So.. I’m a nerd.
I’ve seen a number of sources state that ____ words account for __% of spoken language. These figures vary everywhere, but I’m presuming they come from Zipf’s Law. Of course it’s going to be more complex than this, but it’s intriguing none-the-less.
So I decided to do a bit of analysis on Welsh myself using the past 5 weeks of Pobol Y Cwm episodes as a basis for the data.
Here is the process I followed:
- I took the past 5 weeks of Pobol Y Cwm episode scripts
- Analysed the frequency of each unique word spoken and the number of words in each percentile.

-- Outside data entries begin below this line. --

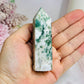 Moss Agate Tower 8.5cm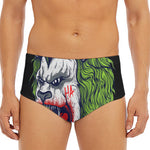Lion Joker Print Men's Triangle Swim Briefs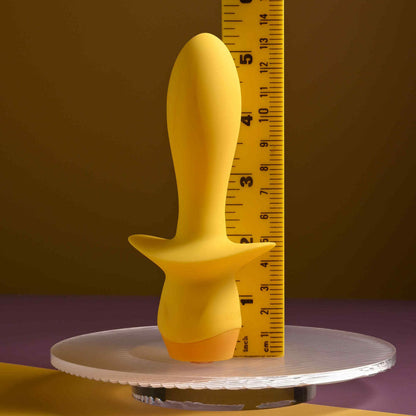 Selopa MELLOW YELLOW - Yellow 13.5 cm USB Rechargeable Vibrating Anal Plug Selopa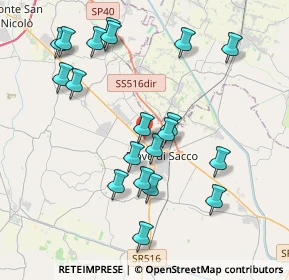 Mappa Via Martiri delle Foibe, 35028 Piove di sacco PD, Italia (4.053)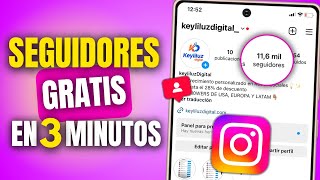 ✅ 𝗚𝗥𝗔𝗧𝗜𝗦 𝗦𝗘𝗚𝗨𝗜𝗗𝗢𝗥𝗘𝗦 𝗜𝗡𝗦𝗧𝗔𝗚𝗥𝗔𝗠 𝟮𝟬𝟮𝟰  Consigue miles de seguidores en Instagram GRATIS [upl. by Nomde]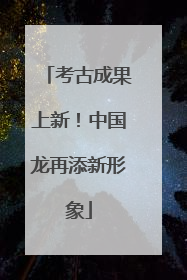 考古成果上新！中国龙再添新形象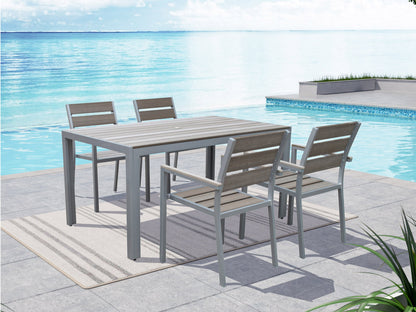 grey Patio Chairs, Set of 4 Gallant Collection lifestyle scene by CorLiving#color_grey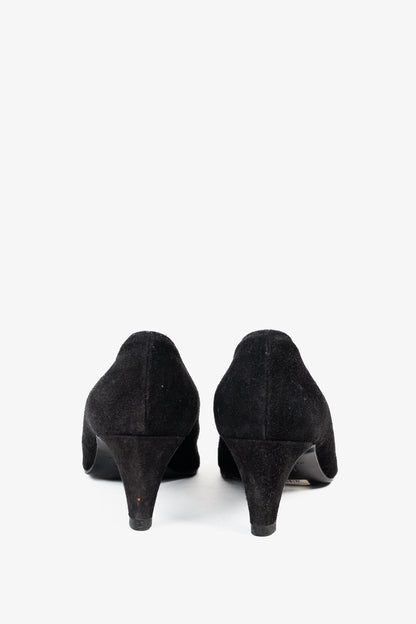 Moschino Vintage Black Suede Lucky Dice Pumps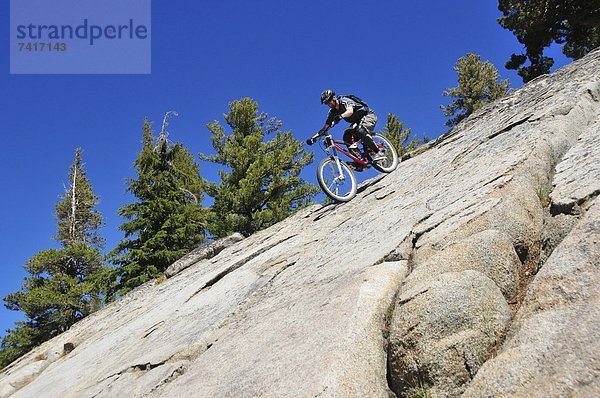 Berg  fahren  extrem  Urlaub  Kalifornien  Granit  steil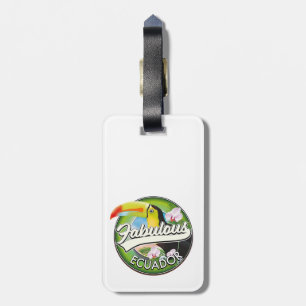 Etiqueta De Bagagem Explore logotipo fabuloso do Equador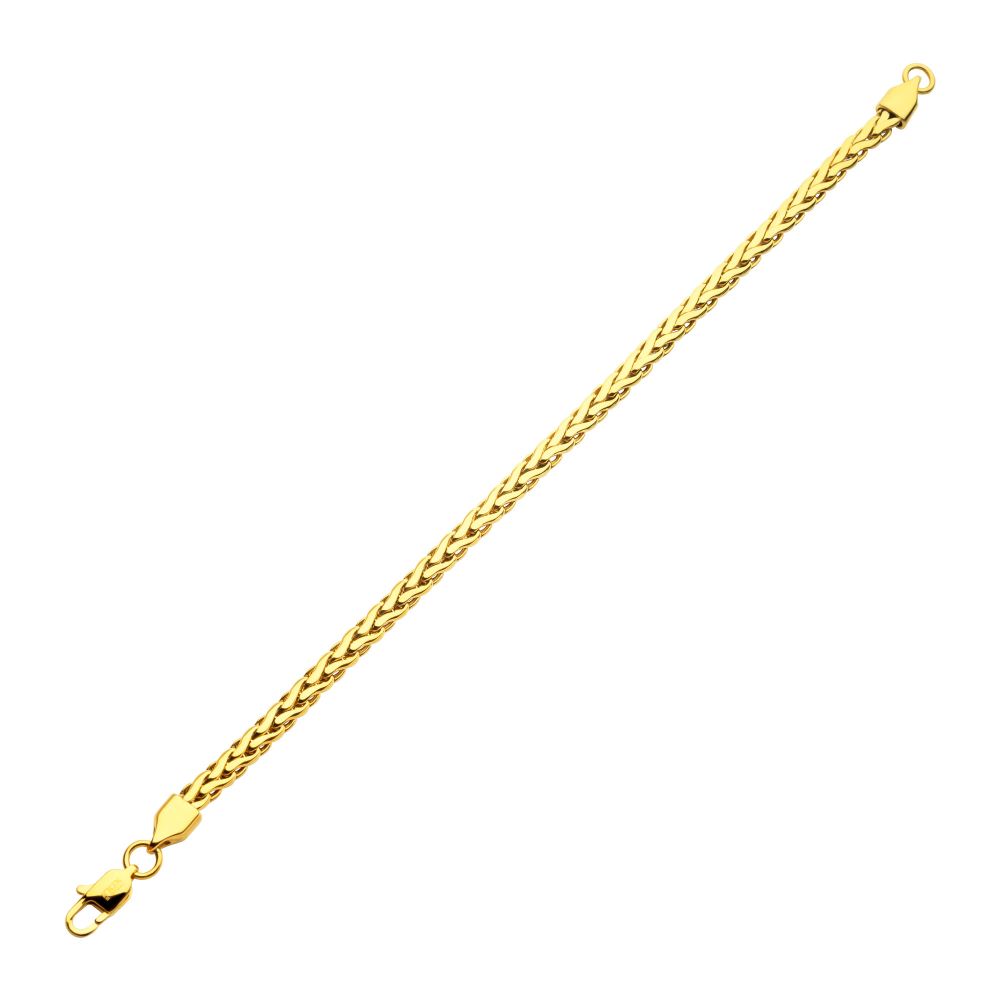 4.5mm Spiga Link Stainless Steel Bracelet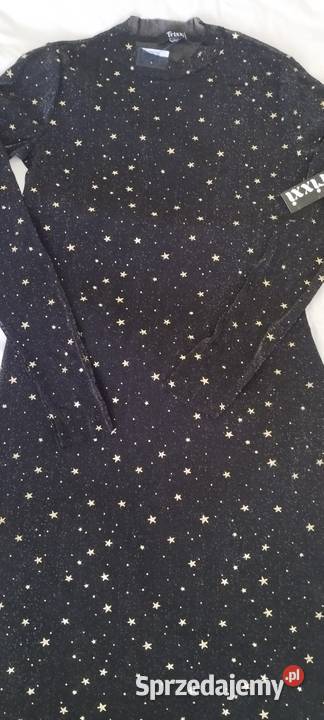 Sukienka czarna brokatowa markowa Trixxi z USA Wrocław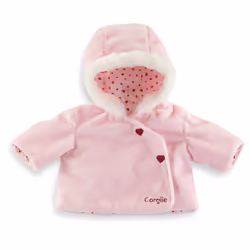 Corolle BB30 MANTEAU PÉTALES DE CŒURS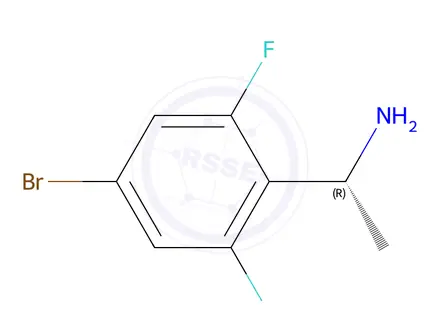 Chemical structure of (R)-1-(4-Bromo-2,6-difluorophenyl)ethanamine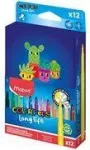 Maped COLOR'PEPS Long Life 2 flomasteriai, 12 spalvų, 1,5 mm vidutinis apvalus antgalis, ventiliuojamas saugos dangtelis, nuplaunami ra&scaron;alai, kartoninė dėžutė 844006
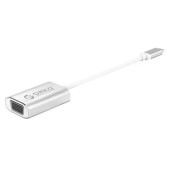 Adaptor Orico XD-102, USB Type C x VGA (Argintiu)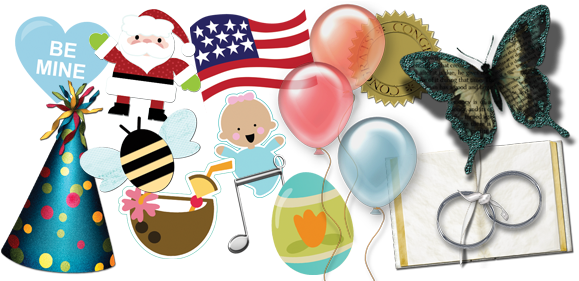 Adding Clip Art Printmaster - 3drose Glittery Butterfly, Mouse Pad, 8 By 8 Inches (597x291)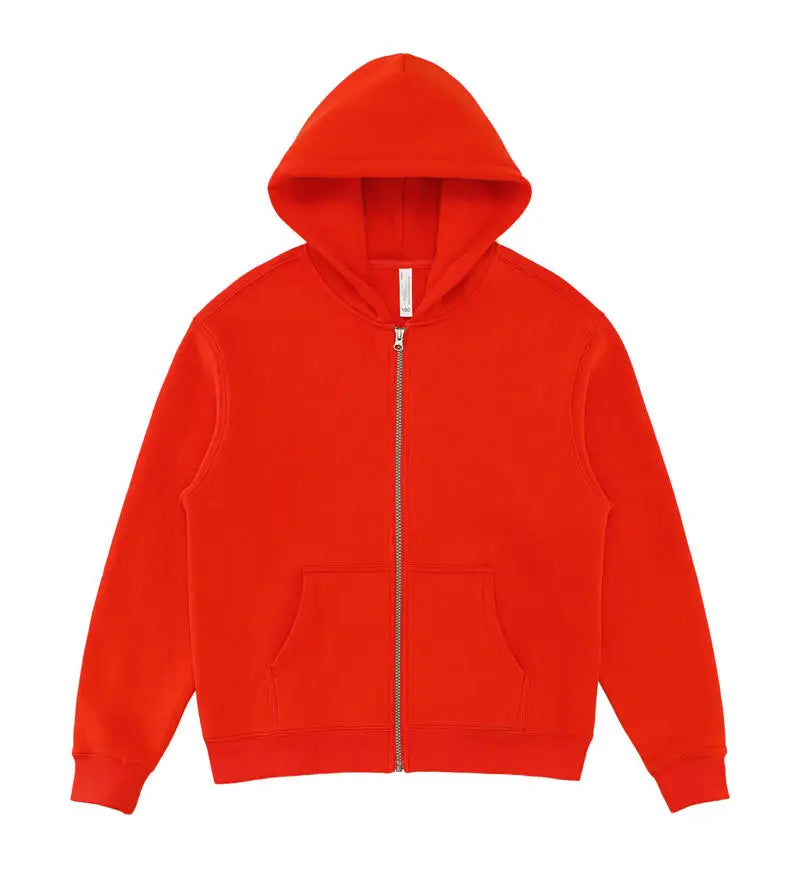 400 GSM "Red" Zip-Up Hoodie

- Plotted the data on a graph
Here’s a basic overview of my findings:
- In all 15 episodes, there were 3,571 unique words.
- 1,090 words cover 90% of the dialogue.
- And just 468 words cover 80% of the dialogue.
- ‘i’ was the most common word, being used 1,573 times (4.76% of all words spoken)
I think this shows a really interesting insight into how little you really need to know to start getting to grips with conversations, aswell as how difficult “fluency” is to define.
Graph: Cumulative Word Usage in ‘Pobol Y Cwm’
Disclaimers and Inaccuracies:
For the sake of simplicity, variations, contractions, conjugations and mutations are all considered seperate words. i.e. gyda and 'da are counted seperately.
Similarly; words that can have different meanings based on context, for example ceir (plural of car / future of cael) are considered one word. This isn’t ideal, but I unfortunately don’t have the expertise to do much else.
There will therefore be small inaccuracies in this data, but it shouldn’t be too many points off
Anyway… Not sure if/how this would be useful to anyone, but I think it’s quite interesting.